SAUCE BREWING Co.(ソース ブリューイング カンパニー)
設立:2016年
創業者:Mike Clarke
場所:マリックビル シドニー、オーストラリア ニューサウスウェールズ州

クラフトビール、そしてホップへの情熱は人の人生を大きく変えてしまうこともある。Sauce Brewingの創業者Mike Clarkeは、元々IT業界で20年ほど働き、ひとかどの成功者でもあったが、クラフトビールシーンへの憧れから、キャリアを捨ててゼロからブリュワリーの創業まで突っ走った。
2010年に、単純なホームブリューキットを購入。そのセットアップではすぐに満足できないようになりいっぱしのガレージブリュワーとなった彼は、さらに熱中しすぎて大規模なホームブリューイングシステム(冷蔵庫9台を組み込んだもの)と4タップのサーバーも組み上げてしまい、妻と一緒に生活していた家から引っ越しを余儀なくされたこともあった。 そのような流れの中で、彼がブリュワリーを立ち上げるのは当たり前のこととなり、妻の協力もあって、2016年にジプシーブリュワリーとしてSauce Brewingを立ち上げる。この「Sauce」というブランドネームは一晩ビールを飲みまくりながら考えて、一番好みだったスラング(※「Sauce」とは「Juice」のようにHip Hopの世界においてストリートで生きて行くために必要とされる真の尊敬を意味し、少しくだけて「すごい」「ヤバい」ことを表す。「Juice」より一時的ではなく永遠にヤバくいつづけられるのが「Sauce」)にしたという。
その後、すぐにシドニーのクラフトビールハブとなっていたマリックビル地区に倉庫を見つけ、1年をかけ苦心の末にブリュワリーの設備を構築。ブリュワー目線で高度に自動化されたハイスペックなブリューイング設備、実験用のパイロットシステムやカンニングライン、屋根を覆うソーラーパネルとさらには照明システムまでを作り上げた。生産プロセスと品質に関して大規模醸造の経験を持つBrodie French氏をヘッドブリュワーに任命し、2017年10月ついに自社ブリュワリーをオープン。
彼らはローカルに食事やビールを届け愛されるブリューパブであることと、オーストラリア全国にビールを届けること、そして、さらにインディペンデントなクラフトブリュワリーとしてできるそれ以上のことをどん欲に求めている。そのために必要な設備と環境を最初から完璧に作り上げようとしたのだ。足元の緑と真っ青な空、都会のオアシスともいうべきブリューパブ内のビアガーデンは常に賑わっており、シドニーの一大名所になりつつある。 Mikeの好みもあり、コアラインナップはホップフォワードなものがメインとなっている。

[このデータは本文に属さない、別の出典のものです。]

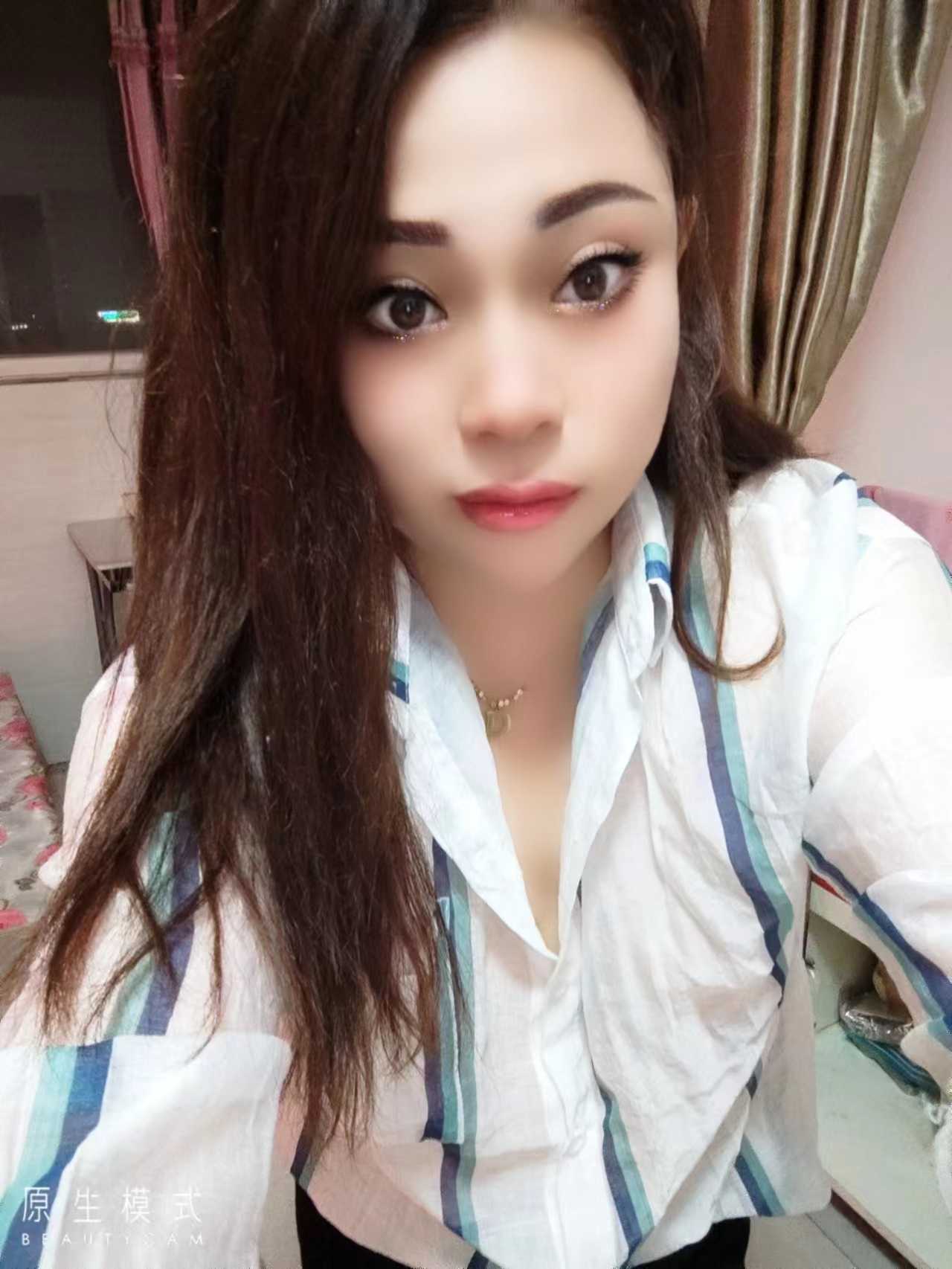 还不错的大胸妹子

IPA、Pale Ale、Session IPAからDouble IPAまで、発売からすぐにオーストラリアのホップヘッズを虜にし、連続での受賞歴が証明するようにかなり高い評価を得ている。さらに、次々と生み出されるビール、サワースタイルから、バレルエイジドのスタウト、イングリッシュなMild Ale、ニューワールドホップを使用したピルスナーなども人気を集め、特に、独自のNew England IPA『Bubble & Squeak』は2018年1月のリリース直後から多くの支持を集めた。
あっという間にオーストラリアを代表するインディペンデントブリュワリーとなったSauce Brewing。妥協なきビールの味わいとホップへのこだわりがこの急成長を支えている。そしてその背景には、Mikeが「クラフトビールシーンの一部になるため」に、それまでのキャリアすべてを捨てた情熱がある。Mikeは、今も趣味のホームブリューイングの延長線上で、ただシンプルに多くのドリンカーを喜ばせたいと突き進んでいる。